Dada a divisão entre os canais administrados pelo financiador e os anúncios do país beneficiário, e a camada adicional de regras de elegibilidade específicas de cada instrumento, a abordagem mais fiável é tratar o financiamento do BEI e o financiamento externo da UE como a sua própria categoria acompanhada, em vez de presumir que surgirá naturalmente a par da monitorização de concursos internos. Os fornecedores que constroem este hábito cedo tendem a ver um fluxo consideravelmente maior e mais estável do que aqueles que dependem apenas dos portais nacionais.

## Como a TRINTA se enquadra

A TRINTA lê o que uma empresa vende e faz continuamente a correspondência desse perfil com concursos recolhidos de fontes oficiais em África, na Europa e no Médio Oriente, incluindo contratação ligada ao financiamento multilateral e ao financiamento externo da UE, para que oportunidades financiadas por instituições como o BEI surjam a par dos concursos nacionais padrão em vez de serem inteiramente perdidas.

## Frequently asked questions

**Qual é a diferença entre a BEI Global e a contratação pública padrão da UE no TED?**

O TED cobre a contratação dentro da UE ao abrigo das regras padrão do mercado interno. A BEI Global cobre projetos que o Banco Europeu de Investimento financia fora da UE, sobretudo em África e nas regiões vizinhas, onde o governo ou a empresa pública beneficiária é normalmente a autoridade adjudicante mas a contratação tem de seguir as próprias orientações do Banco porque está envolvido dinheiro do Banco.

**O que é o NDICI Europa Global?**

O NDICI Europa Global é a geração atual do principal instrumento de financiamento externo da UE, cobrindo a despesa de vizinhança, desenvolvimento e cooperação internacional. Financia projetos de desenvolvimento, governação, clima e infraestruturas nos países parceiros através de financiamento por subvenção administrado pela Comissão Europeia, gerando contratação que segue as regras da ação externa da UE em vez das regras internas do próprio país beneficiário.

**Onde encontro concursos financiados pelo BEI ou pelos instrumentos externos da UE?**

Estes concursos geralmente não são publicados no TED a par da contratação interna padrão da UE. Aparecem normalmente através dos próprios canais de anúncios de contratação do BEI para os projetos financiados pelo Banco, de portais dedicados à ação externa da UE para os trabalhos financiados pelo NDICI Europa Global, e por vezes através da agência de execução ou da autoridade adjudicante no próprio país beneficiário.
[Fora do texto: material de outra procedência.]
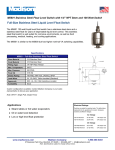Full-Size Stainless Steel Liquid Level Float Switch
**Pode qualquer empresa concorrer a concursos financiados pelo BEI ou por fundos externos da UE?**

Nem sempre. Estes instrumentos aplicam geralmente os seus próprios critérios de elegibilidade de regras de origem e de nacionalidade, que podem ser mais amplos ou mais estreitos consoante o instrumento de financiamento e o projeto específicos. A elegibilidade deve ser verificada com cuidado para cada oportunidade em vez de presumida, uma vez que varia em vez de seguir uma regra fixa única.

**Porque deve uma empresa que já concorre a concursos governamentais africanos acompanhar também os projetos financiados pelo BEI?**

Porque o financiamento do BEI e o financiamento externo da UE complementam muitas vezes os orçamentos nacionais para grandes projetos de infraestruturas e desenvolvimento, em particular aqueles que um orçamento nacional não poderia financiar sozinho no mesmo prazo. Um fornecedor que vigie apenas o portal nacional de contratação perde um fluxo paralelo que toca frequentemente o mesmo setor, o mesmo país e por vezes o mesmo ministério cliente.